Updated Virginia Renders

Posted in Uncategorized by Andy Hall on September 28, 2010

Updated renders of the ironclad C.S.S. Virginia, online here.

Foredeck

Posted in Uncategorized by Andy Hall on September 11, 2010

The major work on the foredeck is blocked out, though a good bit of detail to be added (anchors, cables, etc.).Put anchor chain hawsepipes in the forward casing and similar features for the rudder chains aft.

As I think I mentioned previously, there’s a lot of ambiguity about Virginia‘s appearance. There are no known photos of the ship, and contemporary illustrations are very inconsistent when it comes to specific details. This is particularly true of the ironclad’s foredeck. Sources generally agree that there was a triangular bulkhead/breakwater, but it’s not entirely clear whether this had been decked over (as planned) at the time of the actions of March 8-9, 1862. Thorough-going modelers have depicted it differently; the model in the Smithsonian’s National Museum of American History has the deck open (and displays an incorrect ensign), while another at the Hampton Roads Naval Museum shows complete decks, fore and aft. The model at the Mariner’s Museum (as well as the plans I’m working from, from the same source) show the space open.
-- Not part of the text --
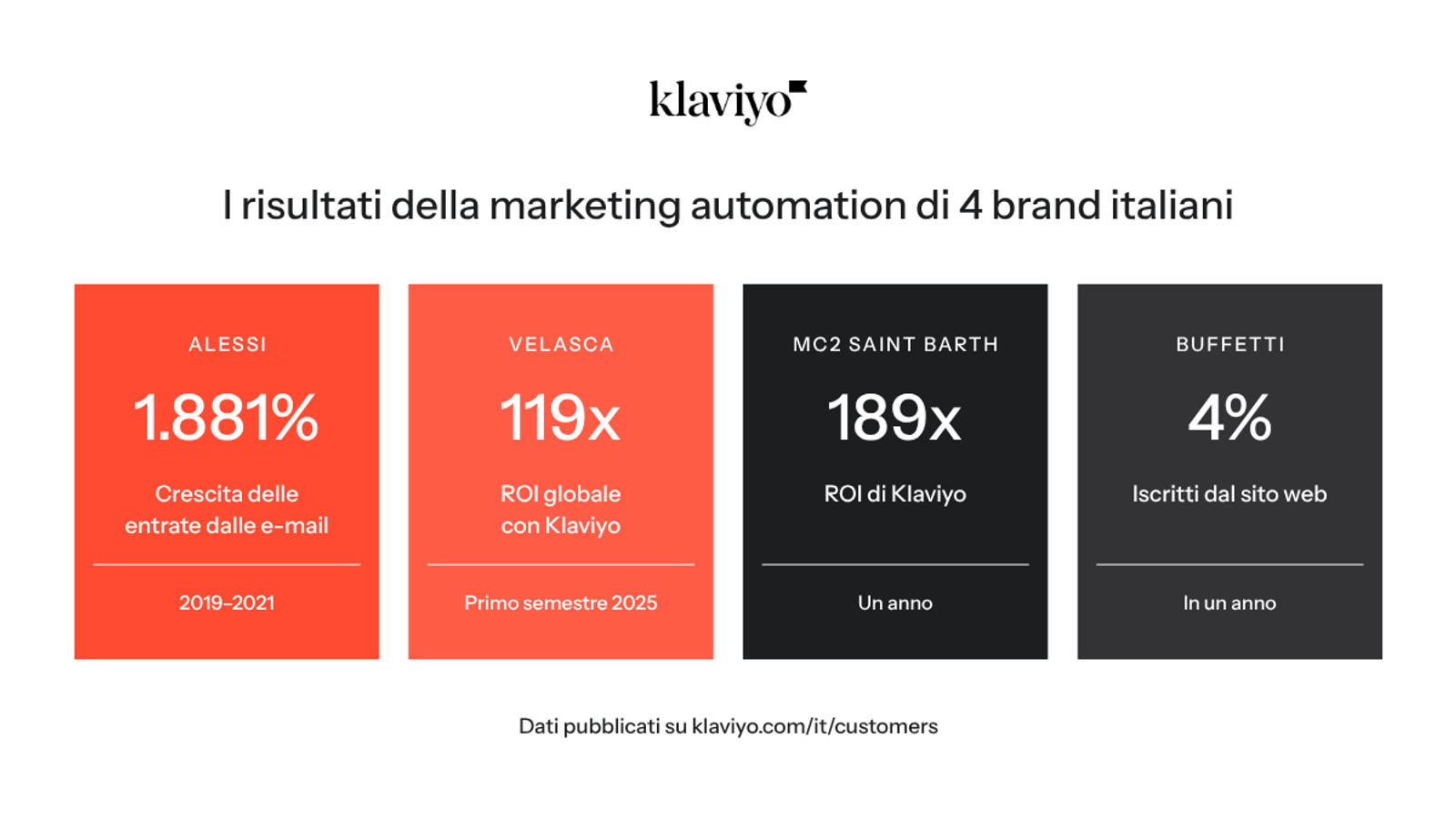 Klaviyo marketing automation results for four Italian brands: Alessi (1881% email revenue growth), Velasca (119x ROI), MC2 Saint Barth (189x ROI), and Buffetti (4% website subscribers).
Even the same source sometimes offers differing versions — Tom Freeman, a modern artist who work I admire greatly and who puts a great deal of research into his paintings, has depicted it both decked over (left) and open.

Also not sure if the planned shutters (also shown) were ever fitted to the angled ports on either side of the bow port.

Took the covers off the boats — the latter to make for a more visually interesting feature.